If you’re starting a business, the truth is you’ll need to get funding. Last month, I reviewed the sources of funding for small businesses. Regardless of your sources of funding, you’ll need to follow the five golden rules of pitching your business so you can get the funding your small business needs.
1. Respect Your Audience’s Time
Nothing is more annoying to an investor, even a family member or crowd funder, than a pitch that is round-about. Be upfront about what you’re asking for and what your investor will get. Start a meeting by asking how much time they have and how they would like to use it. Chances are, they’ve read your pitch deck and your website. Make sure your limited time is useful for them so they can be useful for you.
2. Make it Personal
Many investors believe passion is a key ingredient to entrepreneurship and will push teams towards creative ideas, and tenacity. Your pitch must communicate this by explaining why you’re passionate about your idea. Include how long you and your team have wanted to start a company like the one you’ve envisioned.
3. Be Honest
Investors will see right through you and often press you until they find a soft spot, if only to uncover how you react. So don’t waste time by lying or with half-truths. If you don’t know an answer, reply, without shame, “I don’t know. Let me look into that and get back to you.” And it’s OK to admit that you’re not 100% sure you have the right strategy or team. Explaining that you are still testing and open to learning from experience and experts is the sign of a flexible and open entrepreneur that many investors seek.

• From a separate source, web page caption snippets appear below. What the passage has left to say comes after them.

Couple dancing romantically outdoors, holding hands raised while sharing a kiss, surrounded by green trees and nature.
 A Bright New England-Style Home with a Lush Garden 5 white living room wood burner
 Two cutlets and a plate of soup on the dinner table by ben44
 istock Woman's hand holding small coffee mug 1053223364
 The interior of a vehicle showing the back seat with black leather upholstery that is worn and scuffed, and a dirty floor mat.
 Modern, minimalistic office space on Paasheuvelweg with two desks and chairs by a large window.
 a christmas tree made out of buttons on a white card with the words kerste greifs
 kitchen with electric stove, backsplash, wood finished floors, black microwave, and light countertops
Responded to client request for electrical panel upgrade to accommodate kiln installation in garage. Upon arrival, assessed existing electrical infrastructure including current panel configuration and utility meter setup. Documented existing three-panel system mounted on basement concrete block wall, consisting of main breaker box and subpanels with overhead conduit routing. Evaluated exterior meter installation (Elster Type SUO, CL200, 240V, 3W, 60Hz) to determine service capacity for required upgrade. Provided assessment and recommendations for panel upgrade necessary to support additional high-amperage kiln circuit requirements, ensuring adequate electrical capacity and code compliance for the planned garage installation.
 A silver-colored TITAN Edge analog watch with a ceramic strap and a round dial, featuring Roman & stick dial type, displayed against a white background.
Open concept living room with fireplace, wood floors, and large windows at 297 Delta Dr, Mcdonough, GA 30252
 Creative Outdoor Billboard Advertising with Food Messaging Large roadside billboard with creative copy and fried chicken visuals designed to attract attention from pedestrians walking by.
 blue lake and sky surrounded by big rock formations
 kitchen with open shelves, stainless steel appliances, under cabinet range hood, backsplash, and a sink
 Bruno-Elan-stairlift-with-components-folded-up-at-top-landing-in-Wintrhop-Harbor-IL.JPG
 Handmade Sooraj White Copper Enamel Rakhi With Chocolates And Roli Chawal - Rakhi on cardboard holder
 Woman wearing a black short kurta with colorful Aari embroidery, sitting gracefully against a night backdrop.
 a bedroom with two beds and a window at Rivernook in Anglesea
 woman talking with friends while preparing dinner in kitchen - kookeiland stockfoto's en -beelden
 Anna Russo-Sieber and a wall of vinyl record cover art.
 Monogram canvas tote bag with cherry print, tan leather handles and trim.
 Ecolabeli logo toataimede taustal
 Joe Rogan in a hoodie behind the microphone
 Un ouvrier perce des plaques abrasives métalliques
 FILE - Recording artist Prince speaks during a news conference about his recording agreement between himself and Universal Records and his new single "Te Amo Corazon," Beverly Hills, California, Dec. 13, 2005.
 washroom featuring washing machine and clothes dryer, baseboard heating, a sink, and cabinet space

4. Keep Your Presentations Simple
Most investors will require some sort of pitch deck, a PowerPoint presentation where you can explain the opportunity of your business, your plan to capitalize on that opportunity, why you’re the person or team to be successful at it, and when your investor will see a return on their investment. Startup guru, Guy Kawasaki, offers some solid advice on creating a simple pitch deck in just 10 slides and even has a template. Of course, if you’re pitching more sophisticated investors you’ll do better to personalize a template, but the structure is there.
5. Know Your Numbers
Above all, your pitch must include the financials and your ability to speak to them in any way. Explain the break-even point giving several different scenarios, your burn rate and when you’ll need to raise more money. Explain how the investment you are asking for will improve these numbers, dramatically and how you foresee the market changing in the future and how you’ll be prepared to capitalize on these changes.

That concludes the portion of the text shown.